» RECORDS FOR THE EXERCISE:
--- START ---

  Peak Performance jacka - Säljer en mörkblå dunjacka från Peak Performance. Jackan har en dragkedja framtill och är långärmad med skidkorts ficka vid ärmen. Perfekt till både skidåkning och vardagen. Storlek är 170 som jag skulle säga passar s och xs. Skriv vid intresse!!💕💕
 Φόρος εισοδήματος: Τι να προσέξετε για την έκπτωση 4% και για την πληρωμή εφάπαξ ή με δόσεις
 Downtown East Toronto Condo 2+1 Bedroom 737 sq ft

--- END ---
--- START ---

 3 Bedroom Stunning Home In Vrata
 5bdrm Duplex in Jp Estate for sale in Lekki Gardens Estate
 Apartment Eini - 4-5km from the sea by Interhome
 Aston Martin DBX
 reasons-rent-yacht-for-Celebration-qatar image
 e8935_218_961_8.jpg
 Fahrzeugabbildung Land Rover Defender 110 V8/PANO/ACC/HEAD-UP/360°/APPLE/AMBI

--- END ---

» EXERCISE REQUIREMENTS:
Each line of the material with the word "Bedroom" in it should be listed.

» ANSWER TO THIS PROBLEM:
 Downtown East Toronto Condo 2+1 Bedroom 737 sq ft
 3 Bedroom Stunning Home In Vrata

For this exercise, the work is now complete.